Infinite series succumb easily to iteration. The concept of an “infinite” series becomes powerful once you can count to nearly infinity (and yes, I know a computer reaches only an infinitesimal fraction of it, but that’s semantic nitpicking). If a series hasn’t converged by the hundred-billionth term, it probably won’t. Limits can be taught in a day or two in a computer lab: a limit is just a very small delta, and a compiler can handle coefficients as small as 2⁻⁶³. Letting students feel the beating heart of calculus is worth inelegant reasoning.
The student who asks “why is this the best way?” instead of dutifully performing complex hand integrations is told he lacks discipline. Yet that student is most like Newton himself—impatient, experimental, hungry for what works. Our curriculum rewards endurance over curiosity.
The tragedy is what it does to vivid minds—the ones who might love math. They are told to memorize, to derive, to wait for understanding. They learn the ritual before the power. The grinds keep going because grades are their currency. The restless, often brilliant ones, drift away.

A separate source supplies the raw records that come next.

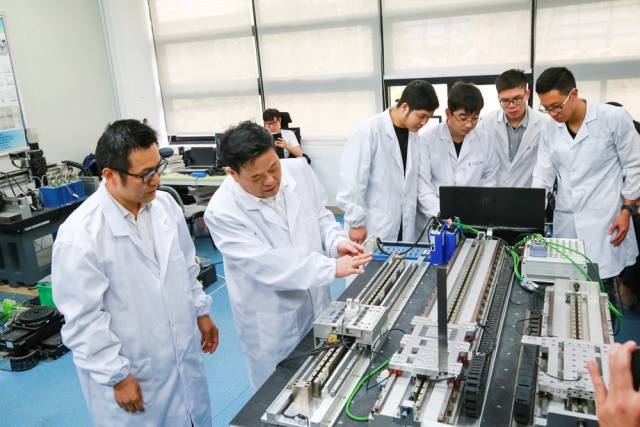 爱体育(中国)作为第一完成单位的2项成果荣获2019年度国家科技奖二等奖。 爱体育(中国)作为第一完成单位的2项成果荣获2019年度国家科技奖二等奖。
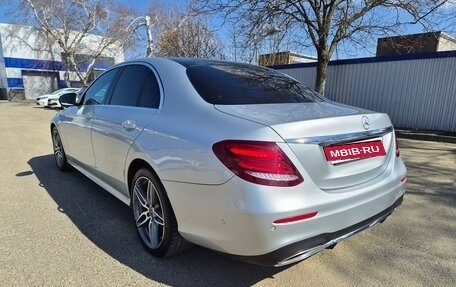 Mercedes-Benz E-Класс, 2017 год, 3 150 000 рублей, 12 фотография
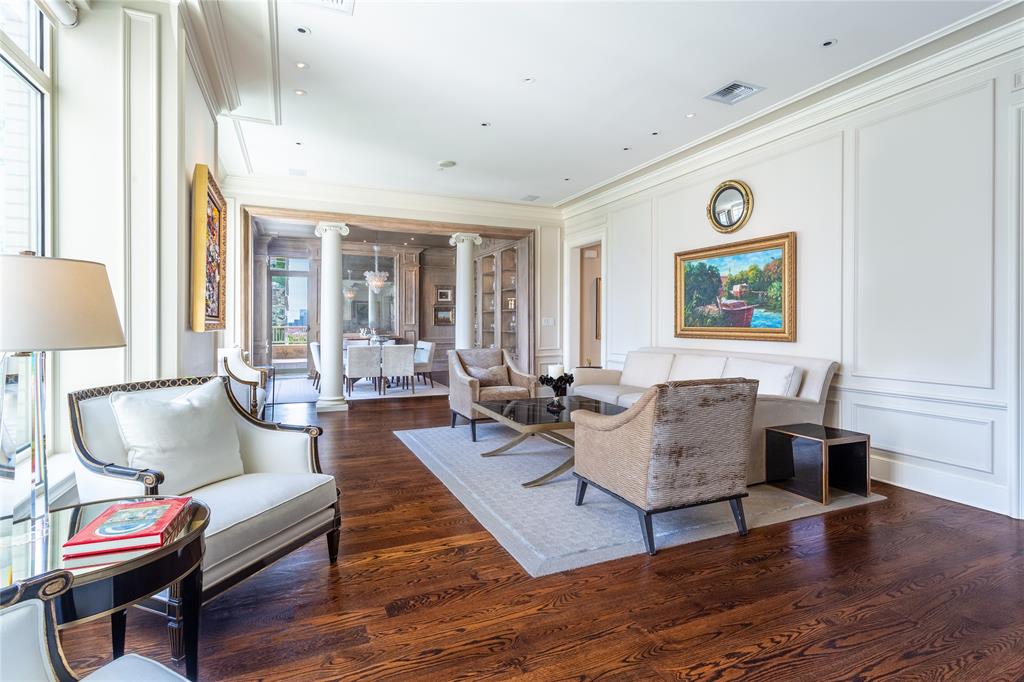 Ritz-Carlton Residences 1 - Residential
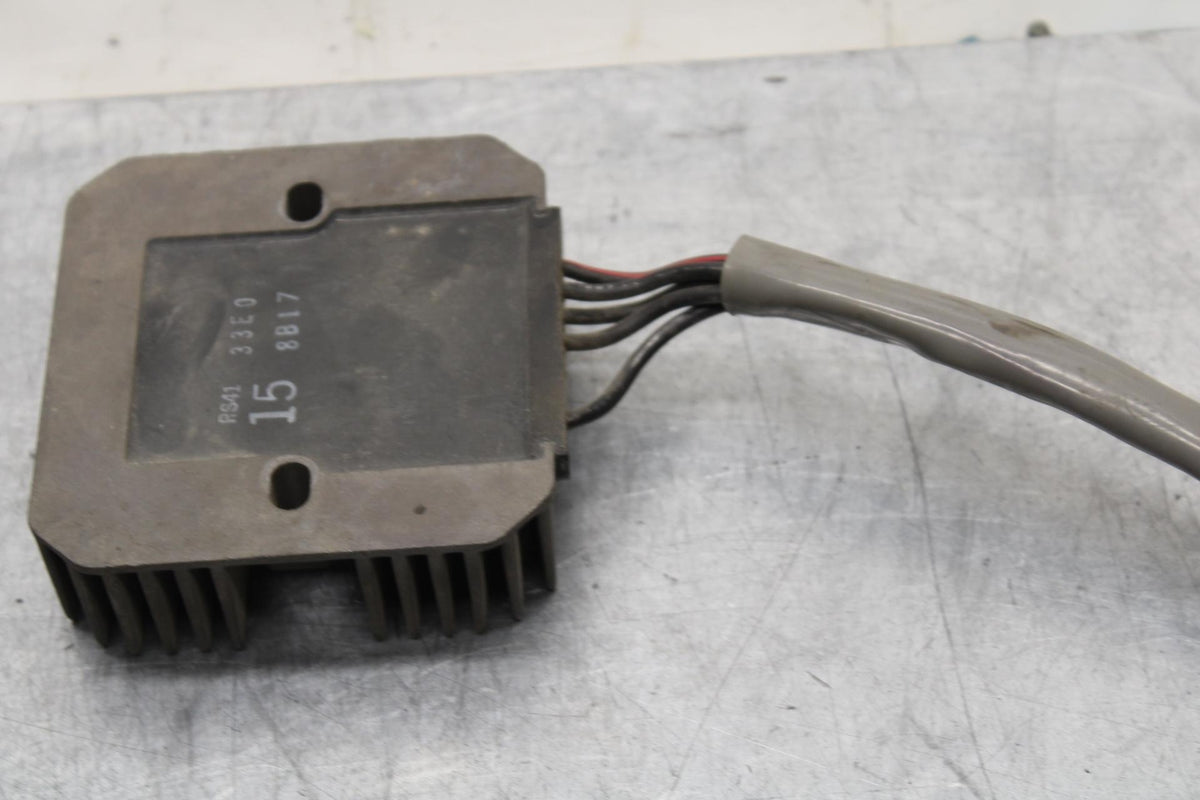 1999 Suzuki GSXR600 RECTIFIER VOLTAGE REGULATOR BB580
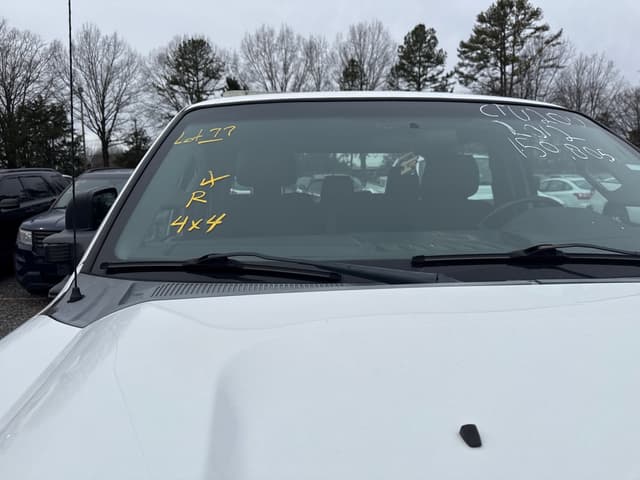 Image of Ford F-250 equipment image 1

The way forward isn’t to abolish math but to reclaim its purpose. Treat symbolic calculus as heritage—something to appreciate, not endure. Much of it, especially its best symbols, is worth teaching. But the most useful parts are the ones most easily applied.
Teach that d/dx means “a really small slice of x,” and that dy/dx means “change in y over change in x.” Teach that ∫ₐᵇ x dx is the area under y = x between a and b, and that an integral is just an antiderivative. Teach how to read Σ notation. That’s ninety percent of what matters in calculus once you have a computer and want to describe the world with numbers. Don’t let the hard parts of symbolic calculus deter anyone from applied math.
Give them loops, random numbers, regressions, and difference equations. Show that prediction isn’t magic; it’s iteration. Once they can simulate, they can think. Once they can think, they can build.
I prefer partitioning to symbolic calculus. It’s more natural in two or three dimensions, and iteration makes higher dimensions almost intuitive. I hate seeing the world butchered and oversimplified to fit the limits of hieroglyphs. Making the world move on a screen—watching it respond to your parameters—isn’t cheating. It’s comprehension.
I’m a criminal defense lawyer who still feels affection for math. I don’t want my son turned off from what might be a wholesome passion by outdated pedagogy.
We don’t need more students trained to copy 19th-century proofs. We need builders who can model the world, not recite it. Let the next Newton learn to loop, not to grind. The power that once lived in a quill now lives in a compiler, and it’s time the curriculum caught up.